These carved sea-monsters anticipate the result of this evolutionary change. They are bear-whales, their mouths so grotesquely distended that they have ended up catching not only insects but each other’s eel-like tails. Yet as well as playfully extrapolating from Darwin’s imagined example of evolution, Oxford’s bear-whales also mythologize it. Aptly for a Gothic building, the bear-whales look more like the product of a medieval than a modern imagination, a pre-scientific legend like the mermaid. At the same time, they are science-fiction creatures, projections into the future of what may yet evolve according to Darwin’s theories.

The hybridity that characterizes the palaeotherium, archaeopteryxes and bear-whales embodied the new discoveries of Victorian natural history. But it also hinted at living forms and forms of knowledge that troubled the familiar taxonomies. In the rotunda of the Royal Ontario Museum—the architectural center-piece of the Art-Deco extension built in the early 1930s by Chapman and Oxley—the capitals are carved with a pantheon of hybrids, some stylized from actual living creatures such as seahorses and bats, others combining them in impossible forms including winged horses and bat-winged, eagle-headed serpents.

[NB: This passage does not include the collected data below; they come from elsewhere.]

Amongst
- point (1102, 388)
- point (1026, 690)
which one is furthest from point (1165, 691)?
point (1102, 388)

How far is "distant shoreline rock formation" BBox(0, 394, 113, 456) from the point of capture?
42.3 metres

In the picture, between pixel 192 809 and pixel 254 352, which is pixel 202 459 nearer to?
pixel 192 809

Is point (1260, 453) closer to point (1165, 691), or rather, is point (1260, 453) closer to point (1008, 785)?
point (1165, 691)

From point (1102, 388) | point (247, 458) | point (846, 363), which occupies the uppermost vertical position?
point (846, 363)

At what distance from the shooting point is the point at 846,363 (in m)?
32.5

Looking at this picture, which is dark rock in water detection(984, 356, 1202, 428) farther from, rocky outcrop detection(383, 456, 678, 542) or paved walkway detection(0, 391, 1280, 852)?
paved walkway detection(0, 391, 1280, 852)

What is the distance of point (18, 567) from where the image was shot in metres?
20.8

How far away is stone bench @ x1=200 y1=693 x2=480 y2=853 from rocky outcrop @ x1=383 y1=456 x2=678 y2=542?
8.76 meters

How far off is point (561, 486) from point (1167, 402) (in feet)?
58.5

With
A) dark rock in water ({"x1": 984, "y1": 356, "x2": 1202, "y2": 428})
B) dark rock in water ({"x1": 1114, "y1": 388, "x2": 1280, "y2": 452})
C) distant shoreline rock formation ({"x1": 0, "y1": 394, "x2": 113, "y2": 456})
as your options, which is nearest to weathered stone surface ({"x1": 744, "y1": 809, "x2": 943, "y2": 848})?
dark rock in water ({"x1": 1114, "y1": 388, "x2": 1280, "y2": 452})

There is even a variant form of bear-whale. Together, the combination of these weird animals, the Art Deco style of the relief carving and mysterious symbols carved one per capital, create a strong impression of esoteric knowledge, an arcana that sits uneasily alongside the museum’s scientific remit. In hinting at lost forms of knowledge, the decorations in the rotunda imply that they still linger, to be recovered through science, perhaps even to be mobilized in science, or merely to remind us that the knowledge that is on display in museums is itself never final, never fully apprehended.

IV. Babewyns: Medieval Marginal Monkeys

The hybrid figures in medieval culture and its cultural descendant, the neo-Gothic, seek to articulate the complex relationships we have to navigate in our understanding of our place in the natural world. One particular animal type has a special status in these negotiations: primates. In medieval manuscripts and in natural history museums, monkeys, apes and other primate species have a distinct status as marginal commentary, for they have long been recognized as being connected to humans, especially human cognition, often troped as both divine and animalistic. In this respect they represent our own hybrid nature.

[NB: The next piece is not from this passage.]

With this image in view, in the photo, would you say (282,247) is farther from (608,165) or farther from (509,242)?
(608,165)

It is a common interpretation of medieval texts to see descriptions of monkeys, apes, and other non-human primates as negative, associating them with the devil, as figures of greed, lasciviousness, and malice.[13] But in actuality depictions of marginal monkeys in the middle ages were highly diverse—indeed virtually encyclopedic in their range of ethical presentations, even in a single interpretive space. In Image on the Edge Camille opens his interpretive theory of illuminated borders through a close reading of the Terce page in a Book of Hours (11-13). The lush illuminative work depicts the adoration of Magi along with the female patron (who would be the reader of the book) in an elaborate border that merges into an historiated initial—in this case the letter D for Deus (Deus in audiutor; “O Lord hear my prayer”). This is all incorporated into an ornate marginal frame that merges architectural and floral structures, and that in turn incorporates miniatures of five monkeys. Three of the monkeys seem to be mimicking the gestures of the Magi who are depicted in the initial: is this depiction of evil, mischievousness, or the highest form of flattery? If the Magi are wise, what is the intellect of the monkeys performing the same acts? Answers are not to be had in the margins themselves: surely the point is that we ask these questions.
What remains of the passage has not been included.